- AVAILABLE DATA
Content starts

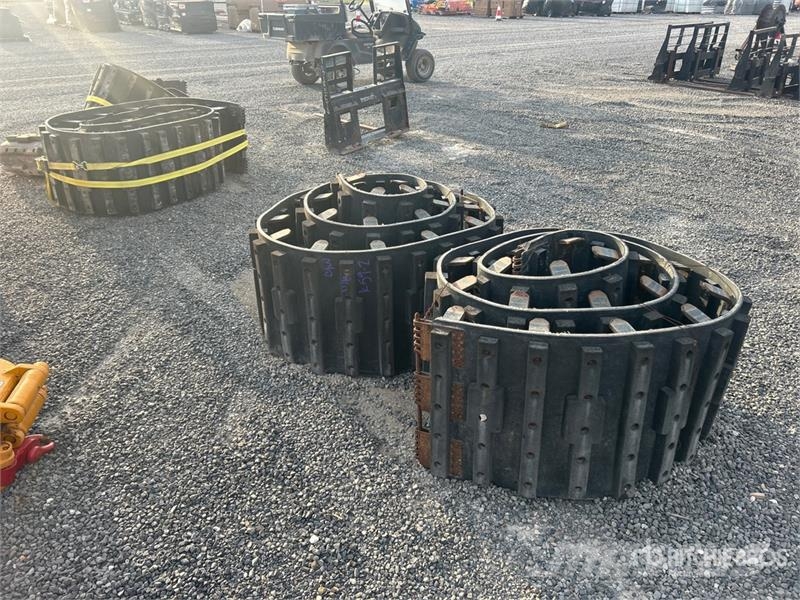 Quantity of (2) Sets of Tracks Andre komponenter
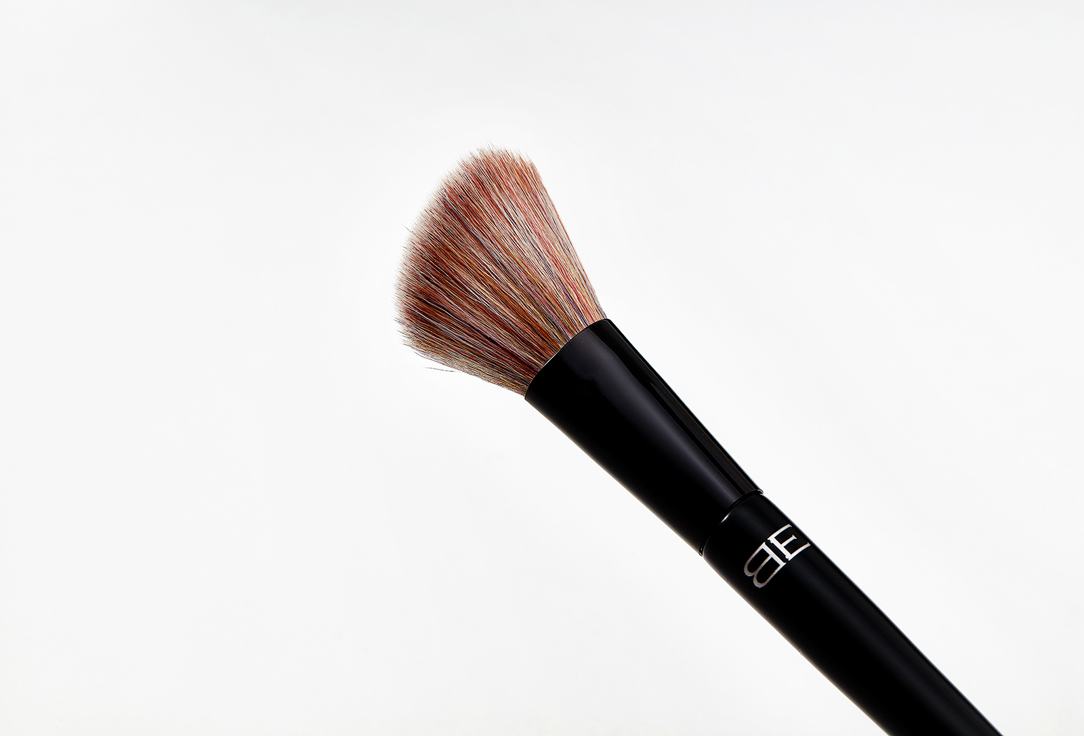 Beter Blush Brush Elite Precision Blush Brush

Content ends
Content starts

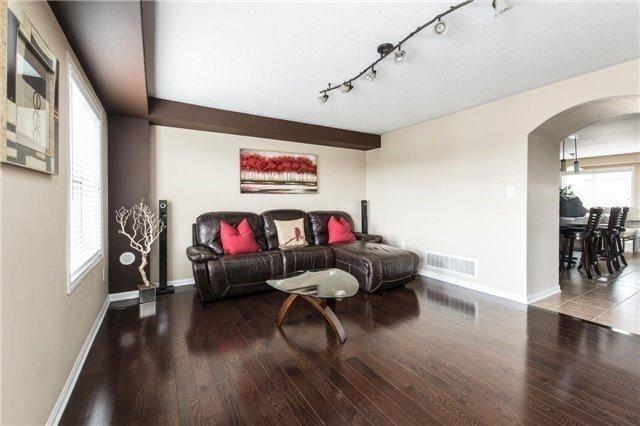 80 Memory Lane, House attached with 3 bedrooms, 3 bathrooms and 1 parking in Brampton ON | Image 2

Content ends

- EXERCISE INSTRUCTIONS
Above, find the line holding "Quantity of (2)" and the line holding "Beter Blush Brush". Print exactly those two lines and every line between them, but no pictures.

- OUTPUT OF THE TASK
 Quantity of (2) Sets of Tracks Andre komponenter
 Beter Blush Brush Elite Precision Blush Brush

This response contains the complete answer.